AWS Database Blog
Implement Amazon RDS for SQL Server Standard edition cross-Region disaster recovery using access to transaction log backups feature
Today, you can achieve cross-Region disaster recovery (DR) using the Amazon RDS for SQL Server Cross Region Read Replica feature, but it’s only available for workloads running on SQL Server Enterprise edition (EE). You can also use the cross-Region automated backups feature to develop your DR strategy, but recovery time objective (RTO) and recovery point objective (RPO) varies based on your database size.
Customers running their Microsoft SQL Server workloads on Amazon Relational Database Service (Amazon RDS) for SQL Server Standard edition (SE) ask us how they can implement a cross-Region DR, achieve a low RTO and save costs.
In this post, we examine a use case in which you can implement Amazon RDS for SQL Server Standard edition (SE) cross-Region disaster recovery (DR) using access to the transaction log backups feature.
Overview of access to transaction log backups
Amazon RDS for SQL Server takes periodic transaction log backups and introduced access to transaction log backups in an AWS-managed Amazon Simple Storage Service (Amazon S3) bucket.

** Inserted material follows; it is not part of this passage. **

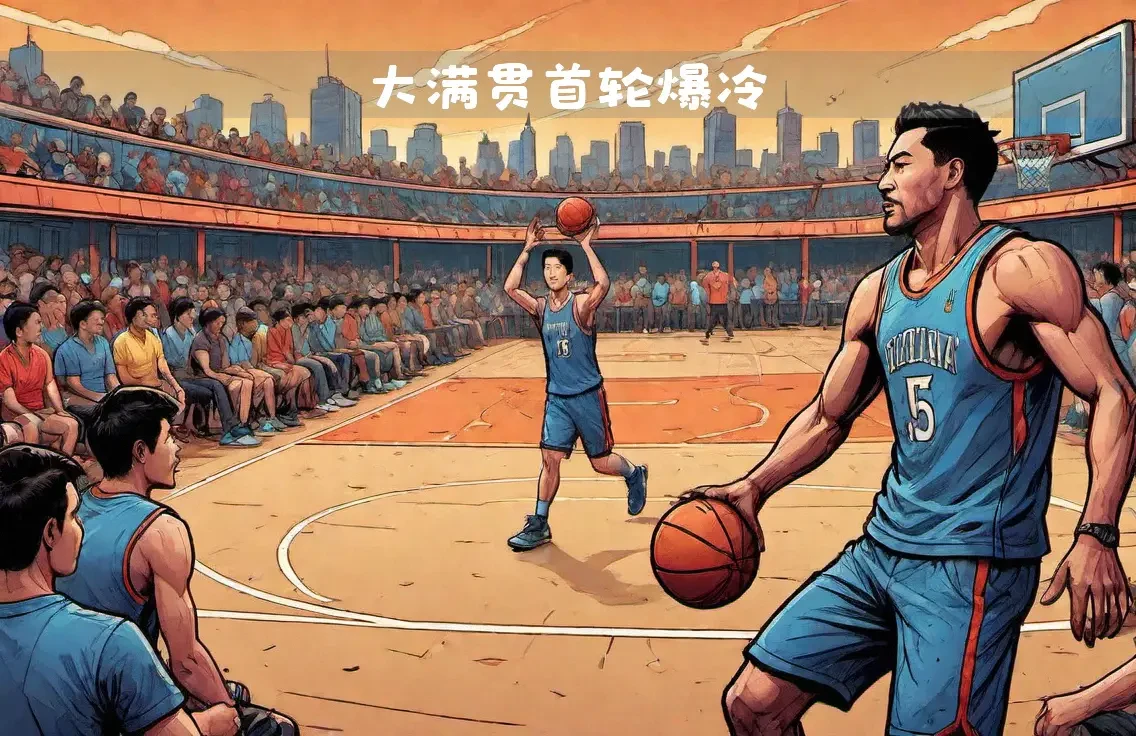 为什么智能娱乐技术能增强篮球训练的趣味性_2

With this feature you can now access these transaction log backup files and copy them to an S3 bucket in your own account.
Solution overview
For our use case, we take a scenario in which our production Amazon RDS for SQL Server instance is configured in high availability mode using multiple Availability Zones, and AWS Key Management Service (AWS KMS) is used for data at rest encryption. Our DR Amazon RDS for SQL Server instance is configured in a single Availability Zone to save costs. Both production and DR instances are using SQL Server Standard edition. We also want to keep the recovery point objective (RPO) as low as possible with a design where production and DR RDS SQL Server instances are loosely coupled using a tracking server model supported by Amazon RDS SQL Server Express, a free edition of SQL Server to keep the costs low. In our solution, we use the following key features:
- Amazon S3 Cross-Region Replication (CRR)
- Amazon S3 Replication Time Control (S3 RTC)
- AWS KMS multi-Region keys
- Amazon RDS for SQL Server Agent job replication
This solution involves the creation and utilization of new AWS resources. Therefore, it will incur costs on your account. Refer to AWS Pricing for more information. We strongly recommend that you set this up in a non-production instance and run the end-to-end validations before you implement this solution in a production environment.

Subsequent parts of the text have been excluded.